Pak Belalang – begitu dia dipanggil – tak mendapat jawaban menyenangkan dari sang anak. Maka, bapak dan anak itupun berembuk; berdiskusi agar lapar bisa hilang. Sebuah muslihat tampil di benak. Mereka tersenyumn
Belalang pun lari ke pinggir kampung. Sebuah hutan kemudian dia tuju. Sementara sang bapak, sibuk menyediakan baskom. Tentu tidak lupa air dan beberapa petik kembang.
Tak lama setelah itu, Belalang kembali. “Di bawah pohon dekat ujung hutan sana kuikatkan kambing itu, Pak,” katanya.
Pak Belalang tertawa. “Sudah sana, kau cari siapa yang kehilangan,” balasnya.
Singkat cerita, warga yang kehilangan kambing ribut. Belalang langsung memberi pemecahan. Dia katakan kalau bapaknya seorang ahli nuzum yahud. Maka, berbondonglah warga ke rumahnya. Bak ahli nuzum kawakan, Pak Belalang beraksi. Dia gunakan baskom berair dan berbunga itu seperti bola kristal. Warga percaya, di ujung hutan kambing itu pun ditemukan.
Hasilnya, Pak Belalang dan si Belalang pun bisa makan. Setelah itu, setelah kenyang, sang bapak kembali tidur. Selesai.

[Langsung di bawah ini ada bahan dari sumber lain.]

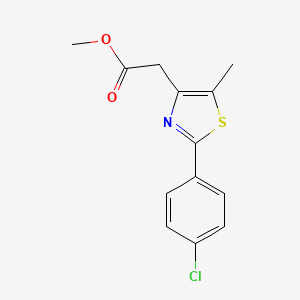 Methyl 2-(4-chlorophenyl)-5-methyl-4-thiazoleacetate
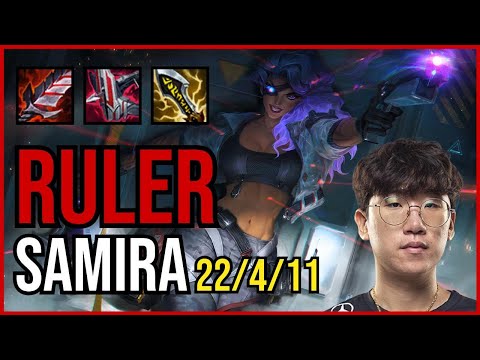 RULER - SAMIRA vs. KAI'SA ADC | KR GRANDMASTER | PATCH 10.25 | PENTAKILL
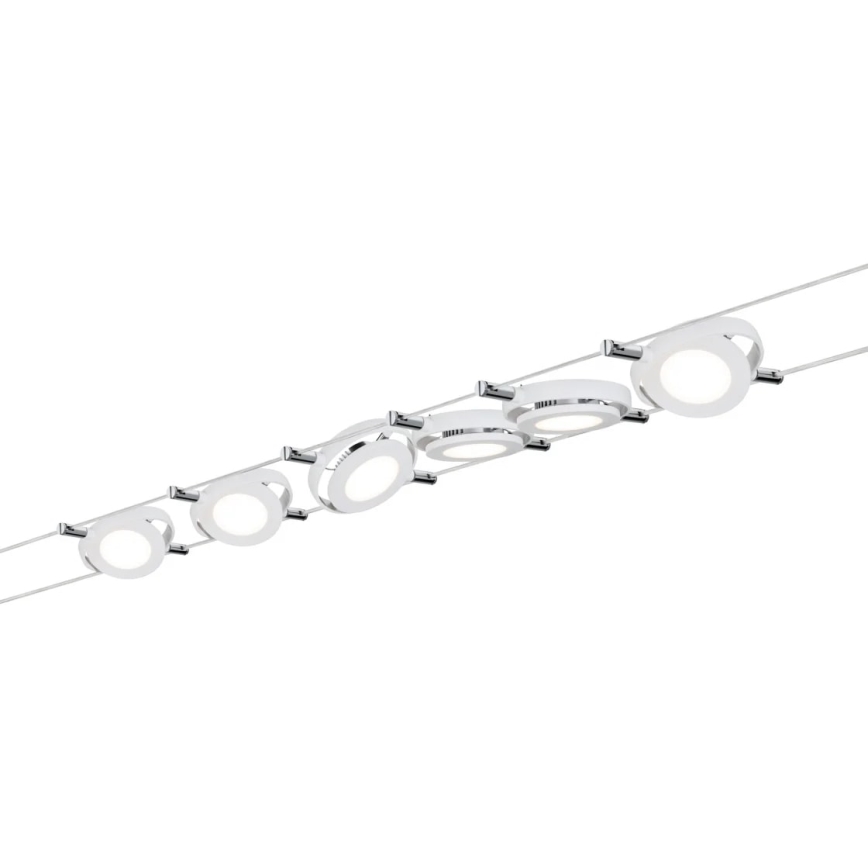 Paulmann 94106 - SET 6xLED/4W Einbauleuchte für Seilsystem ROUNDMAC 230V Weiß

Seandainya saja hidup bisa sesederhana cerita rakyat di atas, mungkin tak akan ditemukan orang dengan kening berkerut bukan? Kehidupan akan tenang, persis ular; setelah kenyang tidur. Jadi, tidak ada istilah berlebihan. Ya, orang-orang mencari sesuatu sesuai kebutuhannya. Kehidupan pun mengalir lancar, seperti kata Gesang dalam Bengawan Solo-nya; mengalir sampai jauh.
Ujung-ujungnya, tidak ada lagi spekulan. Heboh bahan bakar minyak (BBM) hingga gemeretak retak partai koalisi di Jakarta sana tak tercipta. Pun, tak ada kebijakan yang membuat orang terperangah. Pajak dikutip makin tinggi, tapi pengemplak pajak malah tidak ditindak.
Tapi begitulah, hidup bukan sekadar cerita Pak Belalang. Dan, dalam kisah itu, Pak Belalang juga bukan tokoh ideal. Meski punya ide cemerlang, dia sangat malas. Dia mau enaknya saja. Seandainya ada Bantuan Langsung Sementara Masyarakat (BLSM) di zaman itu, dia pasti tidak akan sepakat dengan anaknya untuk mencuri kambing dan mengikatkannya di ujung hutan.
Sayangnya, seperti manusia kebanyakan, Pak Belalang tidak juga tidak bisa lepas dari lapar. Setelah dia terbangun lagi dari tidur dan merasa lapar, apa yang dicari? Makanan kan? Sementara, nasi dan lauk ditudung saji nihil. Memakai trik sebelumnya sangat tidak mungkin; sebanyak apa warga kampung yang punya kambing dan selama apa mereka percaya dengan Pak Belalang dan anaknya itu.
Ya sudah, seperti harga BBM yang batal naik, bagaimanapun juga dia akan tetap naik. Ketetapan yang diambil oleh wakil rakyat di Senayan hanyalah berkah kambing di ujung hutan ala Belalang; hanya untuk membebaskan perut dari lapar dalam sehari Tapi, kenaikan harga BBM adalah lapar yang dirasakan Pak Belalang setiap bangun tidur; yang akan terus berulang.